Recently, as I have been going through quite a rough time in my marriage, I became vey over whelmed and really didn't know where to turn. This individual must have read my mind, because she suggested that we make time for a phone call. A phone call???!!! Wow. I wasn't sure what to think as we were about to take our relationship to another level. To say  I was nervous, excited, and a  bit anxious was an understatement. I mean to respond via a blog, or even to reach out via email was one
thing, but to actually reach out and call one another and hear each others voices was another. I mean would we be able to talk as friends.. would we spend time talking about TTWD? Would there be questions asked that I might not be prepared to answer just yet? How would I feel, how would she feel?

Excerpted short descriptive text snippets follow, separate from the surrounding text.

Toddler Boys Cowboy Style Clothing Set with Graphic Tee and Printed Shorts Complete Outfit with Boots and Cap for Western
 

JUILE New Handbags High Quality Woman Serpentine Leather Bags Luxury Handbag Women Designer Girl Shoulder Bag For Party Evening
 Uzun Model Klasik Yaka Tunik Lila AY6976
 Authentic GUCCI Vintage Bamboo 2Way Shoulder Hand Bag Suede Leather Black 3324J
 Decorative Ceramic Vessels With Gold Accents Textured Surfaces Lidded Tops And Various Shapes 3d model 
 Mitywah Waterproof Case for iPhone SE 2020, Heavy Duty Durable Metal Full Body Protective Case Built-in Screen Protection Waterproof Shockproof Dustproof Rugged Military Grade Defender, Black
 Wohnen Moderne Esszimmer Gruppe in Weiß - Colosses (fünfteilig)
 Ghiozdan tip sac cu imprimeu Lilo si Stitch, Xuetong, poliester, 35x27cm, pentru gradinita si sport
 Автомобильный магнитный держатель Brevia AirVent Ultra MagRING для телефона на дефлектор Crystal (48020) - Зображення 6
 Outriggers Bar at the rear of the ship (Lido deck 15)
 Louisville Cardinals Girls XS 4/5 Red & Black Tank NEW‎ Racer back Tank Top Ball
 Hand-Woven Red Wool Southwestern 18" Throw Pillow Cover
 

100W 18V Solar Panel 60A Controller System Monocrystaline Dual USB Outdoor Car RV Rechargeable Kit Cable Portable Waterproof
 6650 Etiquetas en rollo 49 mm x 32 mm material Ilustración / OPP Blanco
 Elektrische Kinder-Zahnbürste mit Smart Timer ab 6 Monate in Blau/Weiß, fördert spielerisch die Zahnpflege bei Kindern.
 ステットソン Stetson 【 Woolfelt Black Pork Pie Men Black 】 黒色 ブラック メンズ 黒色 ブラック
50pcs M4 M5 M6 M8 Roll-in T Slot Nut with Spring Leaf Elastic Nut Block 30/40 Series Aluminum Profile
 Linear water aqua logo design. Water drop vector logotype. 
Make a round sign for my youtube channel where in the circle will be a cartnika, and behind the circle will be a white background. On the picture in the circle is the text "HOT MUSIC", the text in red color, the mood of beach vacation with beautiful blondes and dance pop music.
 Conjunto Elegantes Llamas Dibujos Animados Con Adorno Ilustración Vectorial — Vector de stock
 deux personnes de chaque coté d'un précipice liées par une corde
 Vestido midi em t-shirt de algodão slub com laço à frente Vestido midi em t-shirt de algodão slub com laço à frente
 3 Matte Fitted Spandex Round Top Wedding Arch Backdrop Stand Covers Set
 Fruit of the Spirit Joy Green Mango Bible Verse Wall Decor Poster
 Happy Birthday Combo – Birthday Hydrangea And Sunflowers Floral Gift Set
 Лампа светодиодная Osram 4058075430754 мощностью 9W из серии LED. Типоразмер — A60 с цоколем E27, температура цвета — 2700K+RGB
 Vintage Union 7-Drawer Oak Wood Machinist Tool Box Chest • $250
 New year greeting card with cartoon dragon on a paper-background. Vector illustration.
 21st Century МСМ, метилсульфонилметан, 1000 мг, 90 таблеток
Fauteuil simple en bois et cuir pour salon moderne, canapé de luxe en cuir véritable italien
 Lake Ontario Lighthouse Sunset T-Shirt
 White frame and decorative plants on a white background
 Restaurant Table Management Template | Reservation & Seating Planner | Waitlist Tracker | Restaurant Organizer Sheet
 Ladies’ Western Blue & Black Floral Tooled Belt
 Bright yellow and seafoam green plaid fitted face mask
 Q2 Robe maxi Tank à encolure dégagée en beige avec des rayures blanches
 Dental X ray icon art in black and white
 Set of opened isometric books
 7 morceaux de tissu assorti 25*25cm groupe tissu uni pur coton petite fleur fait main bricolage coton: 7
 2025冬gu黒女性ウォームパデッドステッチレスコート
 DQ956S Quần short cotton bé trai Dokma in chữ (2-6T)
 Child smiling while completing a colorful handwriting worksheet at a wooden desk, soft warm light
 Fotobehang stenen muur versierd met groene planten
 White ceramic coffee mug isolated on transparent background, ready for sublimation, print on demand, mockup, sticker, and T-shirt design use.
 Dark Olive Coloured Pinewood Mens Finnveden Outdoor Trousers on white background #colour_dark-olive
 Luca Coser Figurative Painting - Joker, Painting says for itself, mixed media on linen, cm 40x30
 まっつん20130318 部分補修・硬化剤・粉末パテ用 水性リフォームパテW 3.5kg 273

We agreed on a day and time that would work best for us both. The closer the time approached, the more anxiety I felt. I didn't want to be judged, and I didn't want to judge her. I wanted an honest discussion and I wanted her friendship.
And so finally I settled in and decided I would call her from the privacy of my restful place where I go to reflect on things and work through problems to be solved. And yes, this is an actual picture of my resting area. The appointed time arrived and I took a deep breath and dialed her number. I held my breath waiting for her to answer. She didn't keep me waiting. She must have been anticipating my call and answered my call as though she had known me for a very long time. I originally was cautious, but as we began to talk I found myself relaxing and starting to warm up. The conversation felt as though we could have been sitting in the same room with a cup of coffee just talking about the things that had been going on. Finally...... I was talking with someone who really understood me and the lifestyle I had chosen to live. Nothing seemed awkward. She made me feel comfortable.
While our first talk was not particularly long.. it broke the ice for the opportunity to visit again on a more personal level.
And so to my blogger friend... thank you for being willing to put yourself out there and helping ladies like me to feel comfortable in talking about our families, our life style, our issues in a non judgmental manner. I will never forget your kindness and your support and I look forward to getting to know you on a more personal level in the months ahead.